它可以捕获和记录关于 TCP 连接的相关信息,如连接持续时间、数据包统计、延迟等,并提供一些有用的指标和分析结果。
这对于网络故障排除、性能优化以及网络安全分析等方面都很有用。关键词:tcp_set_state、tcp_data_queue 等。

为什么使用 tcp_data_queue 函数? 探测 tcp_data_queue 以观察网络套接字在其已建立状态下更新其统计信息,并探测 tcp_set_state 以跟踪其生命周期。使用此函数的优点是 tcp_set_state 和大多数内核 TCP 函数一样,它的第一个参数是一个 struct sock 对象。具有轻量级、高效性、简单化、可视化等显著特点

原理

有一个 Grafana 实例查询 VictoriaMetrics (caretta-vm) 代理(并在其 Web UI 上显示此地图);Victoria agent 从 caretta daemonset 中抓取指标;Victoria 代理和 Caretta 都使用了 Kubernetes 服务公开的 kubernetes API;

下面是 Caretta Agent 发布的时间序列指标示例:

caretta_links_observed{client_id="1074587981",client_kind="Deployment",client_name="checkoutservice",client_namespace="demo-ng",link_id="198768460",role="1",server_id="1112713827",server_kind="Service",server_name="productcatalogservice",server_namespace="demo-ng",server_port="3550"} 2537

在此连接中,我们可以看到 checkoutservice 向名为 productcatalogservice 的服务发送 2537 个字节。请注意,某些标签的生成全符合 Grafana 期望显示节点图的格式。

案例

前提条件

  1. Linux 内核版本 >= 4.16
  2. 支持 CO-RE。可见 CORE,(Compile Once – Run Everywhere)
Couldn't load probes - error loading BPF objects from go-side. field HandleSockSetState: program handle_sock_set_state: apply CO-RE relocations: load kernel spec: no BTF found for kernel version 3.10.0-1160.83.1.el7.x86_64: not supported

部署应用

部署 Caretta 组件

helm repo add groundcover https://helm.groundcover.com/
helm repo update
helm install caretta --namespace caretta --create-namespace groundcover/caretta

Caretta 常见指标

Caretta 的 helm chart 使用 Caretta 自带的数据发布了一个带有预定义仪表板的 Grafana 实例。此仪表板包含一些示例来演示 Caretta 指标的用法,使用提供的 Grafana 实例:

kubectl port-forward --namespace caretta <grafana-pod-name> 3000:3000

Caretta 的主要指标是 caretta_links_observed (Gauge)。 它使用以下标签来表示通过集群的特定连接(网络套接字):

  • client_name - kubernetes 实体的名称(如果已解析)、外部域(如果已解析)或 IP 地址。
  • client_namespace - kubernetes 实体的命名空间,或“节点”,或“外部”。
  • client_kind - kubernetes 实体的种类,或“节点”,或“外部”。
  • server_name - kubernetes 实体的名称(如果已解析)、外部域(如果已解析)或 IP 地址。
  • server_namespace - kubernetes 实体的命名空间,或“节点”,或“外部”。
  • server_kind - kubernetes 实体的种类,或“节点”,或“外部”。
  • server_port - 服务器使用的端口。
  • role - 1(客户端)或 2(服务器)。

k8s 应用网络拓扑图如下所示:

除了以上标签,Caretta 还为 Grafana 的节点图面板使用了其他标签,将输出在过去 15 分钟内在某些客户端和某些服务器之间观察到的吞吐量,按端口聚合。

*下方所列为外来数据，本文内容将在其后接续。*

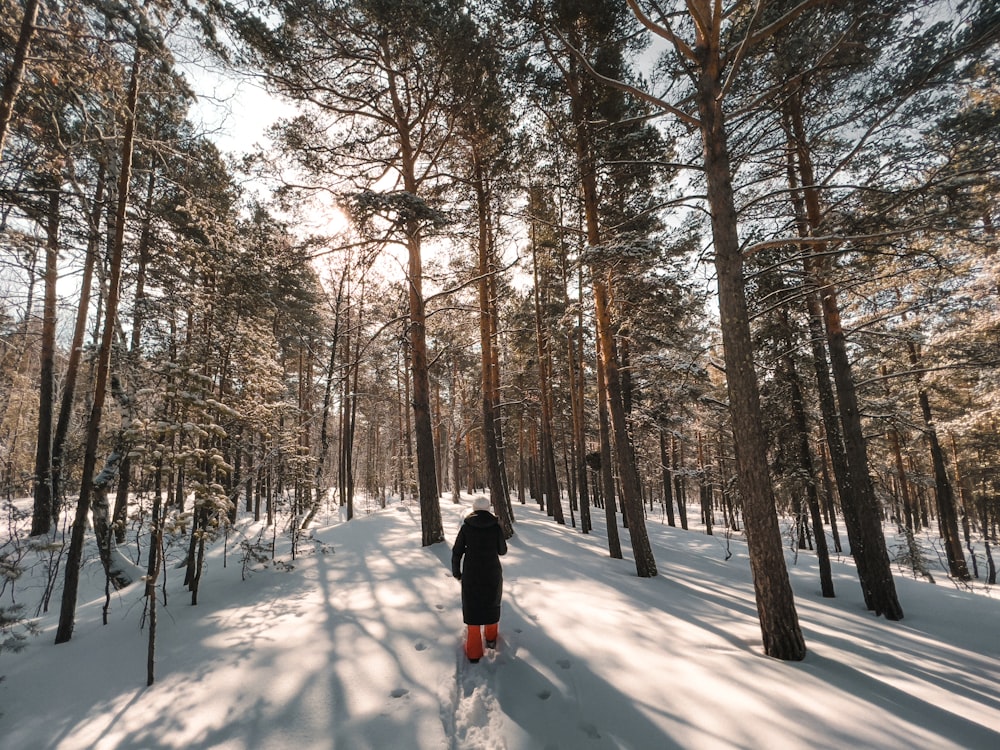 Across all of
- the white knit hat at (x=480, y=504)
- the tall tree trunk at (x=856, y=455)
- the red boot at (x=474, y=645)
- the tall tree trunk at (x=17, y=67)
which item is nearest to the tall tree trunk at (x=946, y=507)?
the tall tree trunk at (x=856, y=455)

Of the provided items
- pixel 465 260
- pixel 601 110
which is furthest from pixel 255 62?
pixel 465 260

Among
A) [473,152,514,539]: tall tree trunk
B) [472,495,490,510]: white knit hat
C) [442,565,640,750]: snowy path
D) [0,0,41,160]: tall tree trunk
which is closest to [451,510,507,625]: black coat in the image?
[472,495,490,510]: white knit hat

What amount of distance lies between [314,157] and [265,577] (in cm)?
884

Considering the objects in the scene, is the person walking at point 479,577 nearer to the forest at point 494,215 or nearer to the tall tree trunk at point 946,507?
the forest at point 494,215

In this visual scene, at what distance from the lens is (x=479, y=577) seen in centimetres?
438

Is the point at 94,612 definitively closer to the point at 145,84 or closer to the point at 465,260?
the point at 145,84

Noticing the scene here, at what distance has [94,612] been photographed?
21.7 ft

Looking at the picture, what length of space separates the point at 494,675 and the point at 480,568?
0.97 meters

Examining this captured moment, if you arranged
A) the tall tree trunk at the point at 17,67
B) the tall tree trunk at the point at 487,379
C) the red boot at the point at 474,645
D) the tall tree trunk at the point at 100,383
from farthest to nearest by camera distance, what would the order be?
the tall tree trunk at the point at 487,379 → the tall tree trunk at the point at 100,383 → the tall tree trunk at the point at 17,67 → the red boot at the point at 474,645

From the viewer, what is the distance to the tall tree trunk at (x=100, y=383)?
5469 mm

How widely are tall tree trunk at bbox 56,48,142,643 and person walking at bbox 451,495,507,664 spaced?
5.42 m

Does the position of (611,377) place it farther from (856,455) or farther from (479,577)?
(479,577)

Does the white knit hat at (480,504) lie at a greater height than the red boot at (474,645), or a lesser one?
greater

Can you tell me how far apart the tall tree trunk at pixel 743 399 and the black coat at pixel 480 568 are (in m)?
2.85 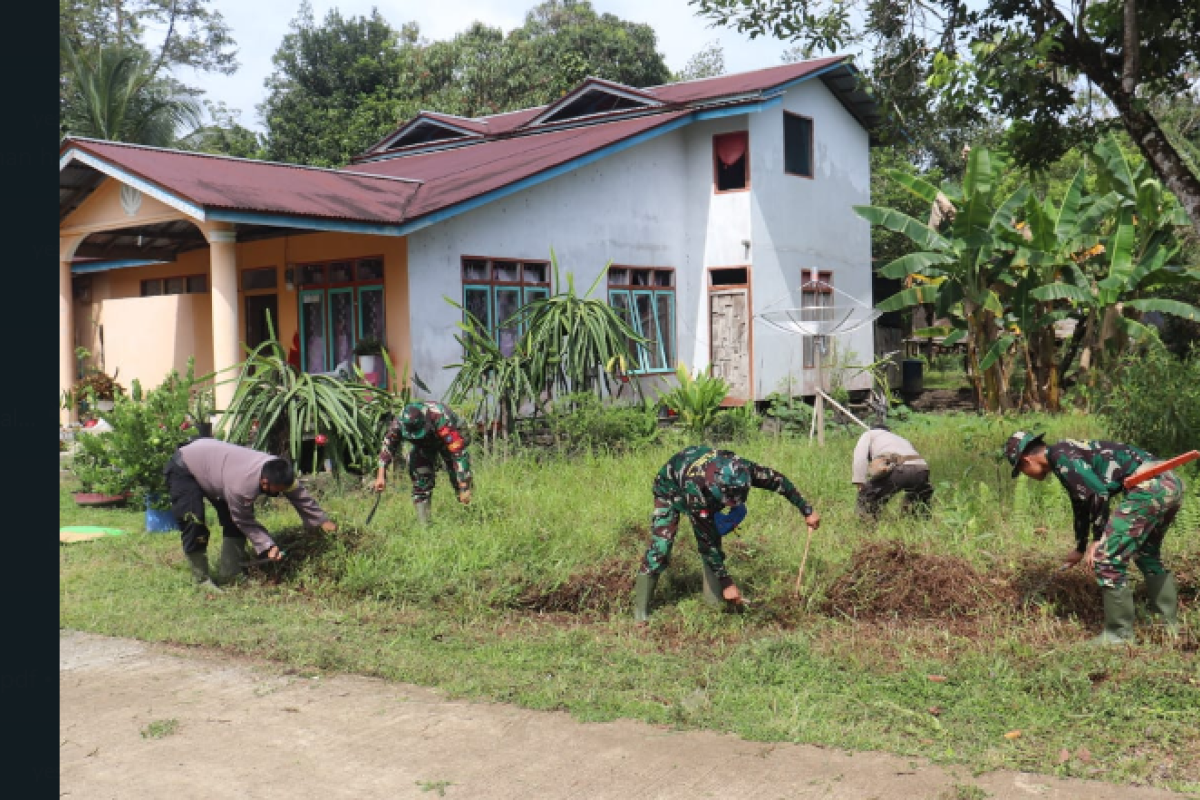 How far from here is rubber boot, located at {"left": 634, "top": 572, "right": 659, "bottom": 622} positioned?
750 centimetres

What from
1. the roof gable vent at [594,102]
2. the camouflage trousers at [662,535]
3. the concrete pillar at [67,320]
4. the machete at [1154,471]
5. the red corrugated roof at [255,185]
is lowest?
the camouflage trousers at [662,535]

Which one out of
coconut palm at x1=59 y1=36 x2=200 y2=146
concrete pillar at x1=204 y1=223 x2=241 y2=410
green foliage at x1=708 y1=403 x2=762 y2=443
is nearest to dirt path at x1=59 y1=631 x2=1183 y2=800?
concrete pillar at x1=204 y1=223 x2=241 y2=410

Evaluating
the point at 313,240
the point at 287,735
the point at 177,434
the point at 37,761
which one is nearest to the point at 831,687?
the point at 287,735

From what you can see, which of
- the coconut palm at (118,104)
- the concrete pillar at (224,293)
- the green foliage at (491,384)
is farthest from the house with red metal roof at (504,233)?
the coconut palm at (118,104)

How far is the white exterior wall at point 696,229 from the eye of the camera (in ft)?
50.6

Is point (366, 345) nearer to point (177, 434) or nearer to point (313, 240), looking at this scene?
point (313, 240)

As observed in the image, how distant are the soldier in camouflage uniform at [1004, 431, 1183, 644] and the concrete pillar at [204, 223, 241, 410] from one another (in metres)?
9.89

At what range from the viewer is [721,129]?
743 inches

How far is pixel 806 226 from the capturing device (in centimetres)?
2012

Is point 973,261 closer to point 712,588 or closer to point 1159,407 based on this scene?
point 1159,407

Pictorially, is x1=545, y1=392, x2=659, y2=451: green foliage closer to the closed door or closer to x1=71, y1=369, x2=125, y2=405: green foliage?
the closed door

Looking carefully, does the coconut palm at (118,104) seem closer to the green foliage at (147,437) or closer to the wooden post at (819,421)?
the green foliage at (147,437)

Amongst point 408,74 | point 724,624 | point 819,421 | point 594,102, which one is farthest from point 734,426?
point 408,74

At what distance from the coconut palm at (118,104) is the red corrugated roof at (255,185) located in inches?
524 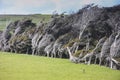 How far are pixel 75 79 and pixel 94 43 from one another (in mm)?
9140

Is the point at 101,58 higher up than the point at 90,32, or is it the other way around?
→ the point at 90,32

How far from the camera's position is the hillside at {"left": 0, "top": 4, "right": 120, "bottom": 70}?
62.8 feet

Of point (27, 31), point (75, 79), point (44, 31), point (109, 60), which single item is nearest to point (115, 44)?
point (109, 60)

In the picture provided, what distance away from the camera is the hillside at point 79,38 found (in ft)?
62.8

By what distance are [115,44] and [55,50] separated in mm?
6381

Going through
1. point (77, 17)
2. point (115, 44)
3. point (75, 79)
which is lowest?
point (75, 79)

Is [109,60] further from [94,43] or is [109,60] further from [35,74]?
[35,74]

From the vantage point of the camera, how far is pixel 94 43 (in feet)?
72.6

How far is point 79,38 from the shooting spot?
23.2 m

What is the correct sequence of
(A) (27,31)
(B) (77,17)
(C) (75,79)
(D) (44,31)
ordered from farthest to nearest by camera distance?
(A) (27,31) → (D) (44,31) → (B) (77,17) → (C) (75,79)

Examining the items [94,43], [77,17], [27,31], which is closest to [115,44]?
[94,43]

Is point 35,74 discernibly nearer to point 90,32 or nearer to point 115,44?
point 115,44

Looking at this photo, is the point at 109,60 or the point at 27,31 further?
the point at 27,31

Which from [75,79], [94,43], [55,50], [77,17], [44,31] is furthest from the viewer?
[44,31] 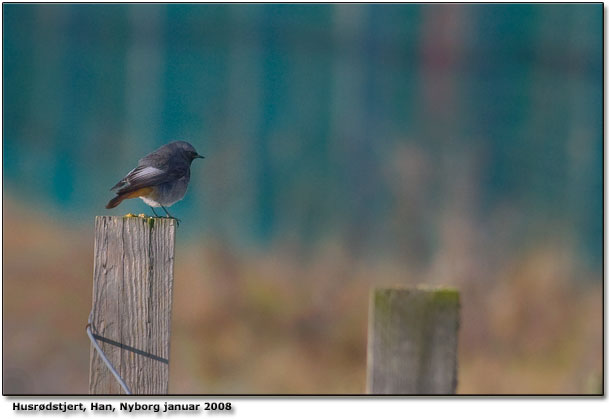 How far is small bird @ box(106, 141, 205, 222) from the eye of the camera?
3100 mm

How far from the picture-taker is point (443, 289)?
1.55 metres

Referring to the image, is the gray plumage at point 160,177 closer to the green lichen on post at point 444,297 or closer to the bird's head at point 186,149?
the bird's head at point 186,149

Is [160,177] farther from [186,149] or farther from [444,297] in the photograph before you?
[444,297]

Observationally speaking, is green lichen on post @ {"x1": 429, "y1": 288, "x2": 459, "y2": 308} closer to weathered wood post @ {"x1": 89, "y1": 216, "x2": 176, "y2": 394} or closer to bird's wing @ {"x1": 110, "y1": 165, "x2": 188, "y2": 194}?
weathered wood post @ {"x1": 89, "y1": 216, "x2": 176, "y2": 394}

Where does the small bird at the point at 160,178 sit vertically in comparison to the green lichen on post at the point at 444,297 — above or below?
above

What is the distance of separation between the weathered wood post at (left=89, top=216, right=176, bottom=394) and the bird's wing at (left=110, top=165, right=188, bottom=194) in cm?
112

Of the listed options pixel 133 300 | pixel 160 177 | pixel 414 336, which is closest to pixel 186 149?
pixel 160 177

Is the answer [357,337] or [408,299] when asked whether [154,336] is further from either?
[357,337]

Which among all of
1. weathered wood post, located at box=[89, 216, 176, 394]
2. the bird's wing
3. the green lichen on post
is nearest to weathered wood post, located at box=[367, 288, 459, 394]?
the green lichen on post

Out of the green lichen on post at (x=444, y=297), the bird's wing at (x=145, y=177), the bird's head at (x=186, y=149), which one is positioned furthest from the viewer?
the bird's head at (x=186, y=149)

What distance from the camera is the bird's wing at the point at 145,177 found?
3.07m

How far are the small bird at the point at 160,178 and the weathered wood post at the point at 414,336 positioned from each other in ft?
5.68

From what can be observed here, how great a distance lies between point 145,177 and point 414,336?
74.6 inches

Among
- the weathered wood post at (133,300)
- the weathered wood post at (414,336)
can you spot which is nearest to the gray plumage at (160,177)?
the weathered wood post at (133,300) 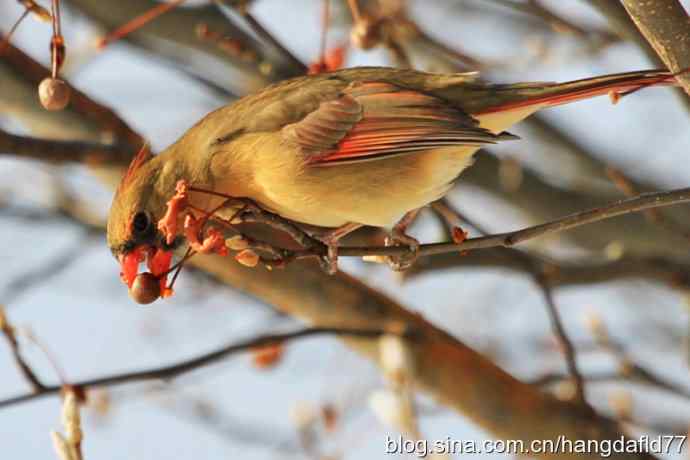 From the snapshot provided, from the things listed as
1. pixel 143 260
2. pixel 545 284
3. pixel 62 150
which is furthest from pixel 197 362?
pixel 545 284

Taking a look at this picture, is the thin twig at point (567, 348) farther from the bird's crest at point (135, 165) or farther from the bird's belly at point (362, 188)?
the bird's crest at point (135, 165)

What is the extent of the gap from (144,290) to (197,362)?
29.5 inches

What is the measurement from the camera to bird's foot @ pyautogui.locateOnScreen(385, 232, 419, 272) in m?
2.81

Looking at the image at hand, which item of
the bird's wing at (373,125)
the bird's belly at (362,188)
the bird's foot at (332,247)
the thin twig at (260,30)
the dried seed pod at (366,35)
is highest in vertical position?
the dried seed pod at (366,35)

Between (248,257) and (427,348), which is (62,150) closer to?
(248,257)

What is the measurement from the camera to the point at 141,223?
334 centimetres

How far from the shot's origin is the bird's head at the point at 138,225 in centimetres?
319

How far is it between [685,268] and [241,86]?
2280 mm

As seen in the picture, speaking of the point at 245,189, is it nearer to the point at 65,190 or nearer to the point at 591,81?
the point at 591,81

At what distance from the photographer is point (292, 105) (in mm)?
3465

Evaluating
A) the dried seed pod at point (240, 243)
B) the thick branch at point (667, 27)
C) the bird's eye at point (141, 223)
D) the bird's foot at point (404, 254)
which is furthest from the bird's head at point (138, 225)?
the thick branch at point (667, 27)

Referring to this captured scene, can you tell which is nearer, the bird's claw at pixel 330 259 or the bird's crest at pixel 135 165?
the bird's claw at pixel 330 259

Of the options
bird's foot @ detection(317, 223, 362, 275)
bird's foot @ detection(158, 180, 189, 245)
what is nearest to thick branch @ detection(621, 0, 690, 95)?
bird's foot @ detection(317, 223, 362, 275)

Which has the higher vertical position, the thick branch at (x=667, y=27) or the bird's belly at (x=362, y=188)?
the bird's belly at (x=362, y=188) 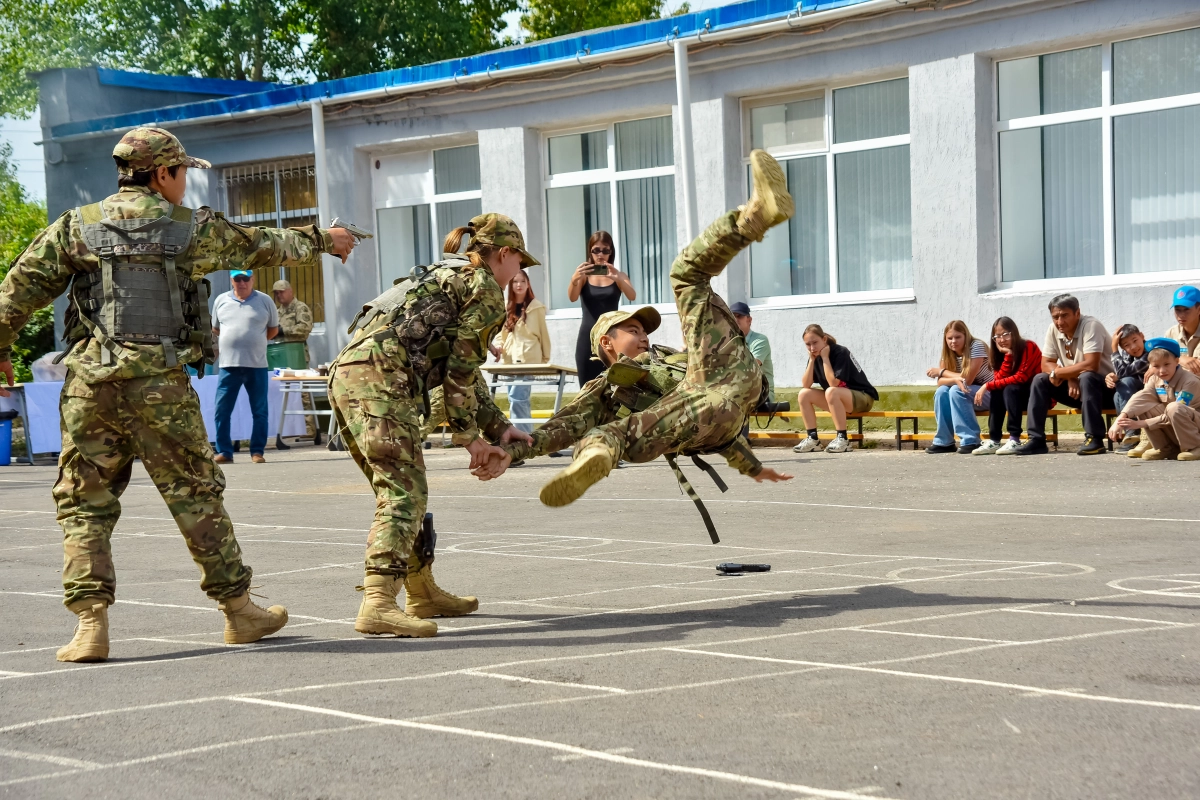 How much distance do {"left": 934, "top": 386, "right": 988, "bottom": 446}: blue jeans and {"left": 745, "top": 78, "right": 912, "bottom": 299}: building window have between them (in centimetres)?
315

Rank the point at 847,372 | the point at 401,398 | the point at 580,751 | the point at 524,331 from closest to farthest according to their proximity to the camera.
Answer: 1. the point at 580,751
2. the point at 401,398
3. the point at 847,372
4. the point at 524,331

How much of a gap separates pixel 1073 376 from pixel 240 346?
810 cm

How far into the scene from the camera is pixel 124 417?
5789 mm

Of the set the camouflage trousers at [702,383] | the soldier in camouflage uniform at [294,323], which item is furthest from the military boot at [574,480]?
the soldier in camouflage uniform at [294,323]

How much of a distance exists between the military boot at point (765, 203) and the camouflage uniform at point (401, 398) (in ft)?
3.66

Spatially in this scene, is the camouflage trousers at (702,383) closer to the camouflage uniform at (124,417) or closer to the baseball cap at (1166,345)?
the camouflage uniform at (124,417)

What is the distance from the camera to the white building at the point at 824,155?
15.7m

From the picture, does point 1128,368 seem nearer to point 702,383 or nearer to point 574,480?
point 702,383

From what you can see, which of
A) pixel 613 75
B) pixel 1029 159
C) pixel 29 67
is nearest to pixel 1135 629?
pixel 1029 159

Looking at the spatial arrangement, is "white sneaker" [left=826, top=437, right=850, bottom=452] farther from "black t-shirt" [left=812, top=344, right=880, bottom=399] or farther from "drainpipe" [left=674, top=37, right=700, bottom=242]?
"drainpipe" [left=674, top=37, right=700, bottom=242]

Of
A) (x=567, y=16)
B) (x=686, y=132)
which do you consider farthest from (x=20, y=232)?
(x=686, y=132)

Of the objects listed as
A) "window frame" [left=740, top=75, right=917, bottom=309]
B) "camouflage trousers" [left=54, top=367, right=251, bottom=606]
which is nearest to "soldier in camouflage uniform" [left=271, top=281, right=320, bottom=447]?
"window frame" [left=740, top=75, right=917, bottom=309]

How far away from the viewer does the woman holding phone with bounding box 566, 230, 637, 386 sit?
13266 mm

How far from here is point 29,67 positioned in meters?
38.5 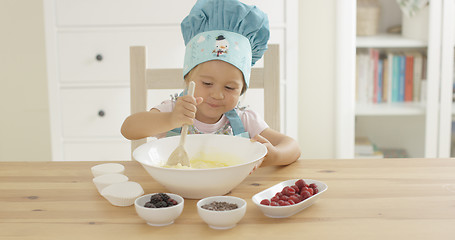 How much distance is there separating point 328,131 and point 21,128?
173 cm

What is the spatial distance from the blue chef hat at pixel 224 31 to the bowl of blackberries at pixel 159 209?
47cm

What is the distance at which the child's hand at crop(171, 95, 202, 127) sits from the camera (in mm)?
1035

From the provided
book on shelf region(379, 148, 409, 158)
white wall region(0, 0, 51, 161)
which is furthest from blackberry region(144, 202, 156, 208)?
white wall region(0, 0, 51, 161)

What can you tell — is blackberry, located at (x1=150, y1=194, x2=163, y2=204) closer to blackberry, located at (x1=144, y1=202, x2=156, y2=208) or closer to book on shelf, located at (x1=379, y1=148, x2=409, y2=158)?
blackberry, located at (x1=144, y1=202, x2=156, y2=208)

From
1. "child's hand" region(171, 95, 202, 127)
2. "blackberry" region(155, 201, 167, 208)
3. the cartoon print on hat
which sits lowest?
"blackberry" region(155, 201, 167, 208)

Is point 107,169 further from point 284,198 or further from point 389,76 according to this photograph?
point 389,76

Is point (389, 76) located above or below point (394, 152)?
above

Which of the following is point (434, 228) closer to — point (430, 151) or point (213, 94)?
point (213, 94)

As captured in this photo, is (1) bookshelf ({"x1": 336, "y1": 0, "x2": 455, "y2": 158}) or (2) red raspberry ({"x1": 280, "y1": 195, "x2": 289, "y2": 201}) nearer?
(2) red raspberry ({"x1": 280, "y1": 195, "x2": 289, "y2": 201})

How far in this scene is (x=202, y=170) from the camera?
87cm

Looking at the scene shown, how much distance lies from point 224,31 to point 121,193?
1.72 feet

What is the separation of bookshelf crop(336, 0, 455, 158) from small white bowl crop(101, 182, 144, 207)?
Answer: 170 cm

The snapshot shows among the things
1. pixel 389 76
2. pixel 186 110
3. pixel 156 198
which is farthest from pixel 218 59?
pixel 389 76

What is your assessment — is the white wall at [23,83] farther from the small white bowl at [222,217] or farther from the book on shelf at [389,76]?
the small white bowl at [222,217] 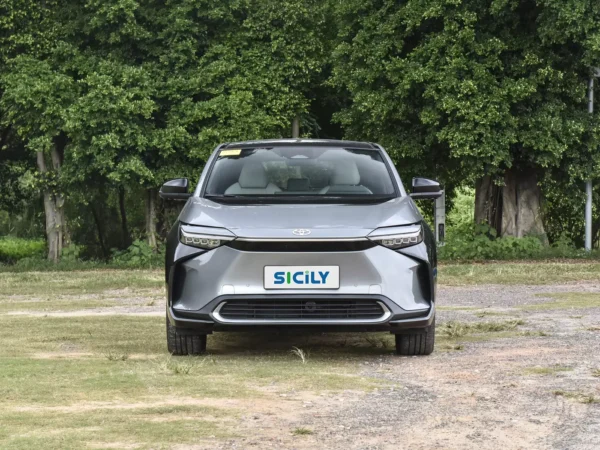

((sum (server_port) (caretta_links_observed{client_name="some-client", server_name="some-server}))[15m])

按 (server_name) (rate(caretta_links_observed{client_name=“some-client”})) 求和将输出从某些客户端到与之通信的服务器的流量速率,按服务器名称汇总。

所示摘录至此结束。